### How to complete this task
Provide an exact copy of the lines from the beginning of the records through the line that includes "Ithurax Persian Style Runner Rug", and of no others.
━━━━━ Input
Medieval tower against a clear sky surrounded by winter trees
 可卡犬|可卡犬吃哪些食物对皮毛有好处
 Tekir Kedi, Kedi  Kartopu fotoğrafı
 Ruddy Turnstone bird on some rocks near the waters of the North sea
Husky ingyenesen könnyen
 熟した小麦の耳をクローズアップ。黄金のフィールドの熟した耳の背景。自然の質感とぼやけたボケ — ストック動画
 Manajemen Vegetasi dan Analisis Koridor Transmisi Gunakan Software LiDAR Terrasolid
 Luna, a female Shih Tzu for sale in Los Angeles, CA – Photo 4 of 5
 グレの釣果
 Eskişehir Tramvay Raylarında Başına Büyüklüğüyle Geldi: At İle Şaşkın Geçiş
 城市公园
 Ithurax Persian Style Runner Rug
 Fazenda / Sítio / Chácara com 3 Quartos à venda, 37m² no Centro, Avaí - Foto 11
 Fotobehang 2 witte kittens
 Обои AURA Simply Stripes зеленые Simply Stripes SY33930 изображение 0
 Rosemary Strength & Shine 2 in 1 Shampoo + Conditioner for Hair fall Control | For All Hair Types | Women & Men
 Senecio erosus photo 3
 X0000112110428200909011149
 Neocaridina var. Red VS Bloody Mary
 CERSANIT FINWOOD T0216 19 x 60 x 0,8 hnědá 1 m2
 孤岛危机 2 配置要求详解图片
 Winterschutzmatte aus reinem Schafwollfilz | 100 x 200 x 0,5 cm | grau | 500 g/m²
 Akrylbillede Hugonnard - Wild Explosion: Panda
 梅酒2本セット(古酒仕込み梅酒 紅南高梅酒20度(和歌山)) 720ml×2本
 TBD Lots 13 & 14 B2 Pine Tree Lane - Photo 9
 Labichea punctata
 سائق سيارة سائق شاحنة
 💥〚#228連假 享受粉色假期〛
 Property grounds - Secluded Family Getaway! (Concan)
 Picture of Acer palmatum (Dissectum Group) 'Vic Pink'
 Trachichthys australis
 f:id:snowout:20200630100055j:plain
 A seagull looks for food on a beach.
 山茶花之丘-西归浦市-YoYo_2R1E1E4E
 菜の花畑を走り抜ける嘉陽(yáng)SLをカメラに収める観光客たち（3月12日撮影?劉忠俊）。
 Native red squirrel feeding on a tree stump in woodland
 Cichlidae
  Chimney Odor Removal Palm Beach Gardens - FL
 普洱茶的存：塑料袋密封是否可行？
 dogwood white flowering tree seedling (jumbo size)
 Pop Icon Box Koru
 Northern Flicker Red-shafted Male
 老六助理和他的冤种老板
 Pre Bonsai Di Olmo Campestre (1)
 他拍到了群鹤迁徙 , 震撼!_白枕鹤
━━━━━━━━━━
### Written answer
Medieval tower against a clear sky surrounded by winter trees
 可卡犬|可卡犬吃哪些食物对皮毛有好处
 Tekir Kedi, Kedi  Kartopu fotoğrafı
 Ruddy Turnstone bird on some rocks near the waters of the North sea
Husky ingyenesen könnyen
 熟した小麦の耳をクローズアップ。黄金のフィールドの熟した耳の背景。自然の質感とぼやけたボケ — ストック動画
 Manajemen Vegetasi dan Analisis Koridor Transmisi Gunakan Software LiDAR Terrasolid
 Luna, a female Shih Tzu for sale in Los Angeles, CA – Photo 4 of 5
 グレの釣果
 Eskişehir Tramvay Raylarında Başına Büyüklüğüyle Geldi: At İle Şaşkın Geçiş
 城市公园
 Ithurax Persian Style Runner Rug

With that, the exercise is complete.